Without getting into the ins and outs of the property market personally if I was in your situation I would hold onto the property.
As Brendan poined out, borrowing to fund living expenses ad infinitum in an unsustainable way is outrageous financial behaviour but what you are doing is not. You are funding a finite period of your lives where your collective income has dipped.
I would at least hold out until your wife returns to work and your mortgage options become greater to make the sell/keep decision.
Don't worry, you have your head screwed on and are on the right track. Best of luck


----------



## ang1170 (2 Aug 2007)

I would have thought the answer depends a lot on the return being made by the rental property: if it's low then there seems little point in tying up funds with a low return whilst simultaneously paying off significant debts.

My inclination would be to sell the property, using any gain to reduce debt and save/invest anything remaining.

From what you say, if you paid off your debts, you'd probably end up being able to live within your means even in the short term. Apart from anything else, there's a huge benefit in terms of reduced stress if you do this.

The medium to long term return from the rental property would have to be pretty spectacular to justify getting further into debt than you already are.


----------



## markowitzman (2 Aug 2007)

I would renegotiate the investment mortgage to interest only first off. Would get a halifax or nib credit card now and then take the other in six months to give you up to 12 months 0% credit.
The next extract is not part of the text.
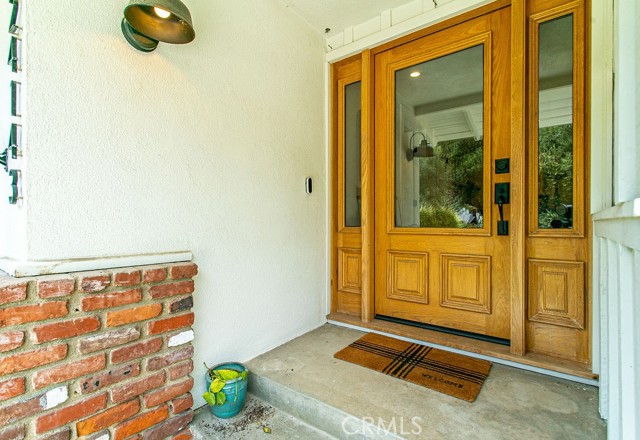 Detail Gallery Image 4 of 49 For 24143 Cross St, Newhall,  CA 91321 - 4 Beds | 2 Baths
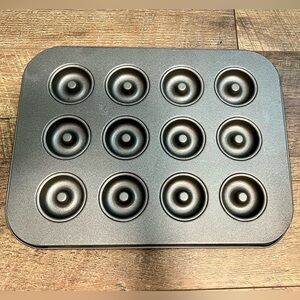 Wilton Non Stick 12 Mini Doughnut Pan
I would go to them with the carrot of a mortgage (investment) also to make this work. in the meantime use xs funds to knock down the car loan/credit union. Do not underestimate the fact that your wife is returning to a secure job. The banks know this too.


----------



## Brendan Burgess (2 Aug 2007)

James are you up to date with your mortgage payments? If so, you should be getting a better response from your lenders. Even if you are behind, but doing your best, they should be helping out. 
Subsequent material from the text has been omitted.